Friday, June 27, 2008

Highlights from Evolution 2008: Part II

There were a few notable advances in comparative methods. Emma Goldberg and our own Boris Igic illustrated how several recent rejections of Dollo's law may have resulted from a failure to consider differential rates of species diversification and several other violations of the Mk2 model (see our related previous post on Maddison et al.'s work and the BiSSE method). 

If lineages with the character state A are more likely to speciate, or less likely to go extinct, than lineages with character state B, there will be a tendency to infer an ancestor with state A. Emma and Boris illustrate the practical implications of this sort of differential diversification by showing how it may have resulted in the incorrect inference of re-evolution of wings in stick insects (Whiting et al. 2003; in Nature).  If there is any truth to the widespread belief that vagility is inversely associated with speciation rate, it seems logical to suggest that the non-winged lineages have undergone more species diversification and biased the conclusions of standard methods toward the reconstruction of a non-winged ancestor and repeated re-evolution of wings. 

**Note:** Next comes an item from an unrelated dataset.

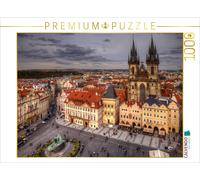 CALVENDO Puzzle Prague - République tchèque 1000 Pieces 64 x 48 cm from TJPhotography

For those of you who missed the talk, Boris was sporting a mustache to symbolize his allegiance with Dollo.

1 comment:

Brian R. Moore said...

I agree that this is a wonderful and important insight. I believe that this work—in addition to that of Maddison (2006) and Maddison et al. (2007)—highlights the need to develop heterogeneous stochastic process models of morphological evolution. In other words, the assumption that traits can be appropriately modeled under a homogeneous process through time and across lineages is apt to be invalid for many inference scenarios, particularly when the traits under consideration are not selectively neutral.

Imagine, for example, that a group of species exhibiting state A occurs in an environment in which A is advantageous, such that transitions from B->A are apt to occur more frequently than A->B. Further imagine that the environment (and associated selection regime) of lineages outside this subclade do not experience selection for A (or B).

Accordingly, the attempt to model the evolution of this trait (i.e., to infer ancestral states and associated parameter estimates) over the entire tree under a uniform stochastic process will be biased because any such model will necessarily provide a poor fit to part of the data (e.g., where the MK1 assumes symmetric transition probabilities, and the MK2/AsymmK assumes asymmetric rate coefficients).

I believe that there may be a fairly straightforward solution to the problem motivated by this insight. Very cool stuff!